• [Data excerpt]
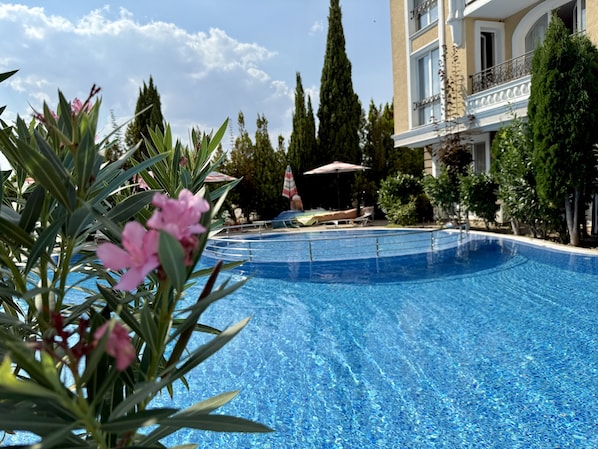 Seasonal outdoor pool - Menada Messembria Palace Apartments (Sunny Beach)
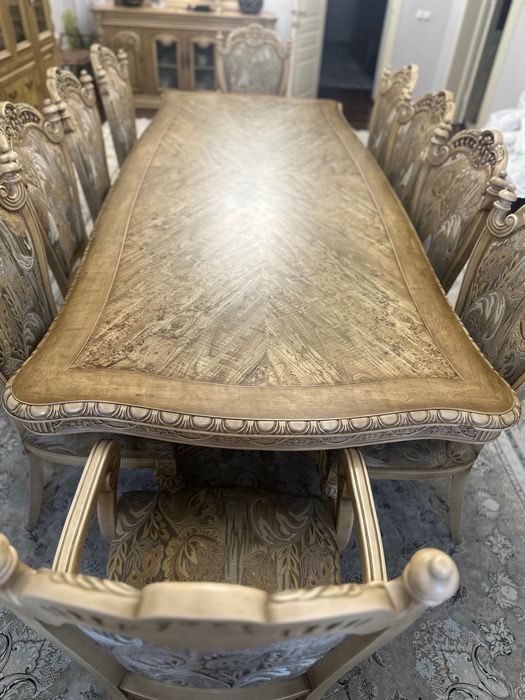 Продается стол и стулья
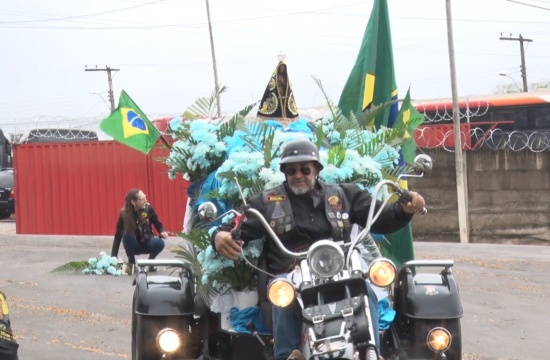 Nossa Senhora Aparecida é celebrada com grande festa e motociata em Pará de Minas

• [What to produce] Once the pictures are set aside, give the rest of the material again unchanged.

• [Written solution]
 Seasonal outdoor pool - Menada Messembria Palace Apartments (Sunny Beach)
 Продается стол и стулья
 Nossa Senhora Aparecida é celebrada com grande festa e motociata em Pará de Minas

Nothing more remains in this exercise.